ThinAirApps Inc. plans to demonstrate an application that lets users get wireless access to corporate data and then print that data wirelessly via Bluetooth, according to sources close to the New York company.
Upstart Bachmann Software and Services LLC, of Sparta, N.J., plans to demonstrate four new printing products for Palm OS in its PrintBoy line of products, according to company President Glenn Bachmann.
PrintBoy 2.2 is a suite of applets that print calendar and address information via infrared or a serial connection. PrintBoy Documents enables the printing of any document that has been converted to the DOC format.
Print Manager 3.2 is a graphical print engine that lets software developers integrate PrintBoy features into their products. Bluetooth support for PrintBoy is upcoming and will likely be demonstrated at the show, officials said.
Many new products at the show will cover the developers-helping-developers front. Metrowerks Inc., of Austin, Texas, will discuss an upcoming version of CodeWarrior for Palm Version 7 that will support Apple Computer Inc.'s Mac OS X operating system, meaning that developers can create Palm apps from Mac OS X machines now.
AppForge Inc., of Atlanta, will announce Visual Basic for Palm OS, which enables VB developers to create applications for Palm OS without having to learn C++ or Java.

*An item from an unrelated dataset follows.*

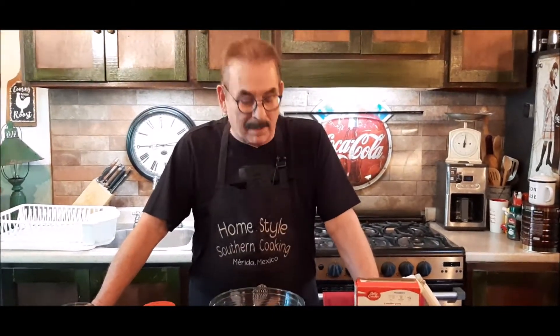Hi, this is Jim Mann with Homestyle Southern Cooking, and boy do I have a simple recipe for you today. As you all know, I love pumpkin, but somebody passed this along to me. I also like gingerbread, and I know you usually think about gingerbread during the holidays, but I like gingerbread year-round. I have a long recipe that I make gingerbread, so I'm going to try this to see how it turns out. It's a cake mix hack that somebody sent me.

Using AppForge's product, developers can compile applications as Windows executable files, meaning they can run and debug the applications on the desktop before porting them to the Palm device. VB for Palm OS costs $695 and is available at www. appforge.com.
A new company, Peoplestreet Inc., will demonstrate a service, due next month, that lets users create and exchange "self-updating electronic business cards," according to com pany officials in Boston.
With the service, contact information gets automatically updated across the Internet, so if users have People street's LiveCard, they don't have to update address books themselves.
Sources close to Palm said that on the show floor, there will be many multimedia demonstrations taking advantage of Handspring Inc.'s Visor Prism handheld, which sports a color display.
To support complicated graphics on the Palm OS platform, Firepad Inc., of Mountain View, Calif., will announce a vector rendering engine that enables detailed displays of geographic information systems and computer-aided design data on the platform. The engine can load data at a rate of 1,000 vectors per second and render it at 2,500 vectors per second, officials said.
In addition, Motorola Inc., of Schaumburg, Ill., is planning to unveil the latest version of its Dragonball processor, which is used in all Palm devices. How ever, Palm has other things in mind for its future processor plans.
"We will be talking about our microprocessor growth path at the conference," Mace said. "We've already said we'll support [Intel Corp.'s Strong ARM] in the future."